Slow Proton Production in Semi-Inclusive Deep Inelastic Scattering off Deuteron and Complex Nuclei: Hadronization and Final State Interaction Effects

TL;DR

This paper investigates how final state interactions affect slow proton production in semi-inclusive deep inelastic scattering off nuclei, highlighting the role of hadronization dynamics and identifying kinematic regions for studying nucleon structure and hadronization mechanisms.

Contribution

It introduces an effective time-dependent cross section approach to analyze hadronization and final state interactions in nuclear media, extending previous models with a focus on soft and hard process interplay.

Findings

Final state interactions significantly influence slow proton production.

Kinematic regions with minimized interactions allow nucleon structure studies.
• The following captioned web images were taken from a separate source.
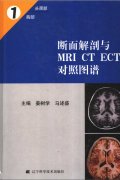 MRI CT ECTͼ-ͷ....pdf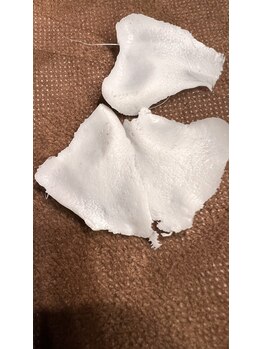 ブライズ(BRISE)/鼻周りの角栓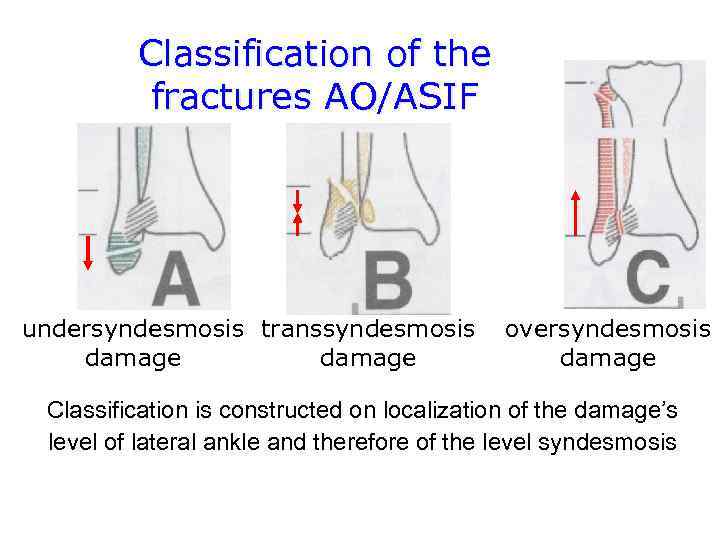 Classification of the fractures AO/ASIF undersyndesmosis transsyndesmosis damage oversyndesmosis damage Classification is constructed on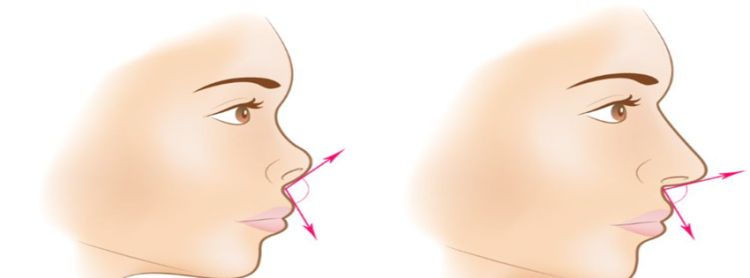 不利于婚姻的鼻子有哪几种起节鼻图3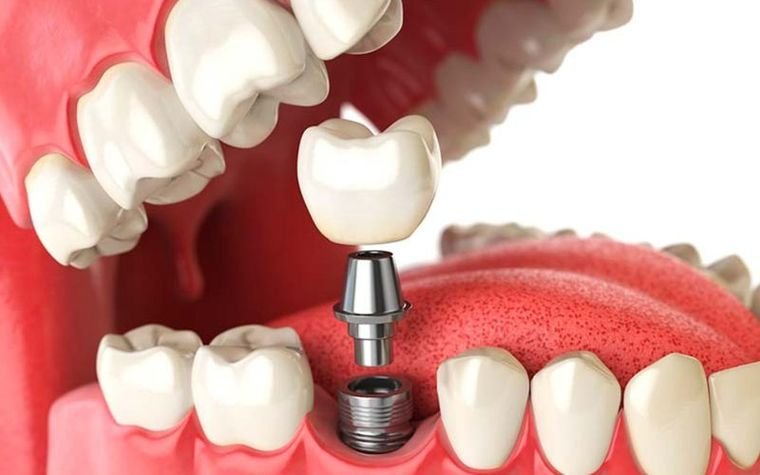 Implante dental con su corona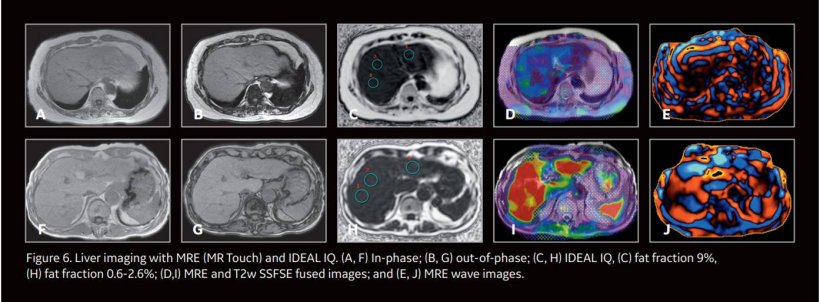 MRE plus Fib-4 prove highly accurate in liver fibrosis detection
Regions with maximized interactions enable exploration of non-perturbative hadronization.

Abstract

The effects of the final state interaction in slow proton production in semi inclusive deep inelastic scattering processes off nuclei, A(e,e'p)X, are investigated in details within the spectator and target fragmentation mechanisms; in the former mechanism, the hard interaction on a nucleon of a correlated pair leads, by recoil, to the emission of the partner nucleon, whereas in the latter mechanism proton is produced when the diquark, which is formed right after the visrtual photon-quark interaction, captures a quark from the vacuum. Unlike previous papers on the subject, particular attention is paid on the effects of the final state interaction of the hadronizing quark with the nuclear medium within an approach based upon an effective time-dependent cross section which combines the soft and hard parts of hadronization dynamics in terms of the string model and perturbative QCD, respectively. It is shown that the final state interaction of the hadronizing quark with the medium plays a relevant role both in deuteron and complex nuclei; nonetheless, kinematical regions where final state interaction effects are minimized can experimentally be selected, which would allow one to investigate the structure functions of nucleons embedded in the nuclear medium; likewise, regions where the interaction of the struck hadronizing quark with the nuclear medium is maximized can be found, which would make it possible to study non perturbative hadronization mechanisms.